Se la battaglia sulla neve con il nemico finale, un capo degli Unni dall’aspetto eccessivo e stilizzato al punto da stemperare la sua carica demoniaca ed inquietante (il colorito mortuario, gli occhi infuocati) corrisponde ad uno snodo essenziale nella narrazione, l’anima del film sembra però risiedere nella guerra contro lo sradicamento delle gabbie imposte dal genere, altalenante e arricchita da momenti ilari e inattesi. Il mascolino Li Shang, cantore di uno dei brani più energetici del film, oltre a non riuscire a plasmare in pieno i buffi e inadeguati guerrieri del suo accampamento, si ritrova a gestire una malcelata e ambigua affinità nei confronti del suo soldato più debole, in scene in cui gli sguardi tradiscono una crescente ammirazione per Ping/Mulan mista ad attrazione omoerotica.

Sarà lo stesso comandante ad accettare con maggior ritardo la scoperta della vera identità della ragazza, e solo dopo la creazione di uno stratagemma bellico ulteriore: in un edificio che ricorda molto la scintillante Città Proibita della dinastia Ming (altro slittamento storico ben studiato dagli animatori) Mulan affronterà un redivivo Shan Yu con l’aiuto dei suoi compari Yao, Chien Po e Ling, che per l’occasione ribalteranno il teorema del machismo vincente di cui la stessa Mulan si è rivestita adoperando una strategia ingannevole e “femminea” (si ripropone il motivo del travestitismo, questa volta in chiave comica).

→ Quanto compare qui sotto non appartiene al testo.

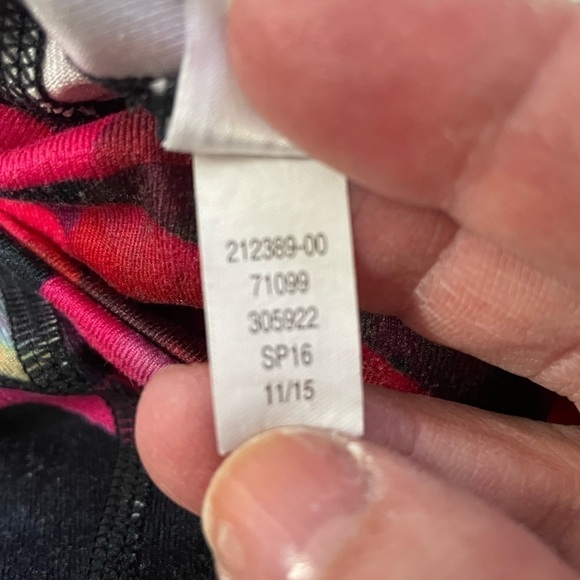 Athleta High Rise Mystique Chaturanga Floral Mesh Leg Capri, Pink, Black, Small - Picture 6 of 10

Ritorna ancora una volta il tema dell’autoaffermazione,  nella sua declinazione universale ma anche inaspettatamente femminile, con l’ingegno individuale supportato da spirito di squadra e acrobazie coreografiche, che abbandona il realismo come nella tradizione dei film d’arti marziali e si impone sull’ottusa esaltazione della prestazione meramente fisica e virile.

[i] Si tratta di una frase del personaggio Jenna Maroney, attrice comica e primadonna capricciosa dello show meta televisivo ideato da Tina Fey 30 Rock, in onda sulla NBC dal 2006 al 2013.

[ii]  Il poema La ballata di Mulan, che descrive la vicenda, è attribuito al filosofo Liang Tao ed è stato scritto presumibilmente nel VI secolo d.C.